I begin class by recapping for my students their success from yesterday, that they derived a formula to find the sum of a finite geometric series! I say that there are lots of mathematical formulas that have been developed to make mathematics simpler, not to make students crazy trying to memorize them. I emphasize that deriving the formula was just the first step, like setting up all your equipment before starting a science lab or getting all your ingredients ready before starting to bake cookies. The next step is to actually use the formula to answer questions. I pose the same question I started with yesterday about having to choose between a prize of $5000 per month for life or $100,000 as a lump sum now and invested at an annual rate of 1.4%. This time I say I'm only giving them five minutes to figure it out, because I know they can use their formula to look at the $100,000 investment, with the same parameter of 20 years. (MP1, MP2) Most students can easily complete this challenge, but as they work, I walk around looking for students who may need additional scaffolding and/or support. I try to identify if they are struggling with applying the formula, with understanding the problem or with using the calculator and address each problem.

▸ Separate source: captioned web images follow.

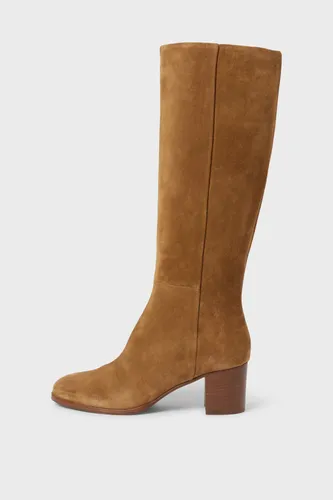 Bottes en cuir velours - LIZZIE - Gerard Darel - Modalova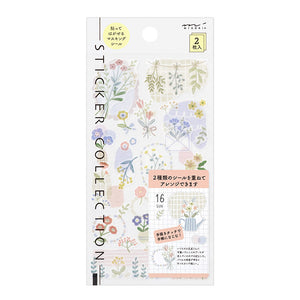 Midori Double Sheet Sticker Set - 2639 Two Sheets Flower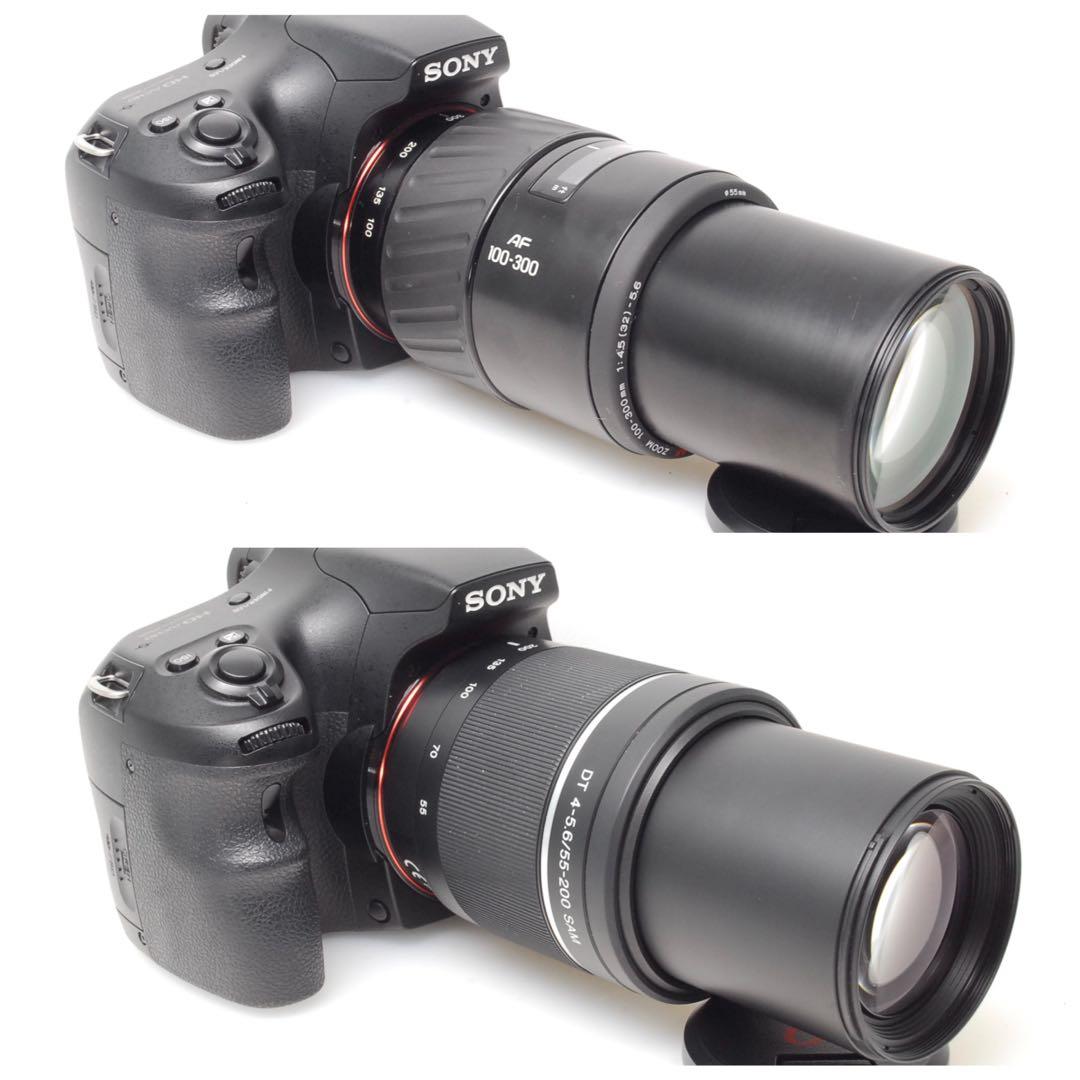 ✨SONY α65✨トリプルレンズ✨フル装備✨入門モデル✨超高画質✨超望遠✨美品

When everyone is done I ask them to compare their results to the answers we got yesterday to confirm that the formula works, then ask if there are any questions. I answer any questions then tell my students that today they will have an opportunity to become proficient at using the formula they worked to derive yesterday.
You will need copies of the problem set for this section. Teamwork 15 minutes: I tell my students that they did such a great job demonstrating their mathematical abilities yesterday individually that today I'm giving the chance to demonstrate their talents as teams. I tell them they'll be working with their back partner to solve a set of real-world problems (MP1, MP2, MP4) and will get to present at least one problem to the class. (MP6) I tell them that I will randomly select teams to present, allowing each team to choose a problem to present (that has not already been selected). This does two things. It reduces the stress of presenting first by giving that team the choice of any of the problems and it keeps all teams focused on solving all the problems as well as they can since they don't know what choices will be available when they're selected to present. I distribute the problem set and ask if there are any questions. As my students are working I walk around offering encouragement and redirection or assistance as needed.
Presentations 15 minutes: As my students prepare to present I remind them as a class to be courteous and appropriate in their critiquing of each other. I select the first team and allow them to present,(MP6) with questions and critiques from their classmates as they go through their solution. (MP3) When every team has presented I offer bonus points for any team that presents any of the remaining problems (if there are any) If there are no takers, I walk my students through those final problems, accepting their critiques and questions as we go.
To close out this lesson I have my students individually apply the geometric sum formula to one final problem to demonstrate their competence and understanding. (MP1, MP2) This is an informal assessment that helps me see if I'm on track, as I explain in my Working the Formula video I look for the same kinds of problems I saw earlier; inability to decode the problem, difficulty in working the formula and problems using the calculator. There may be other areas of weakness I need to address, but these are the three I've seen most often. If my instruction and assistance during the earlier part of the lesson haven't helped, then I try to arrange some one-on-one time with students as needed.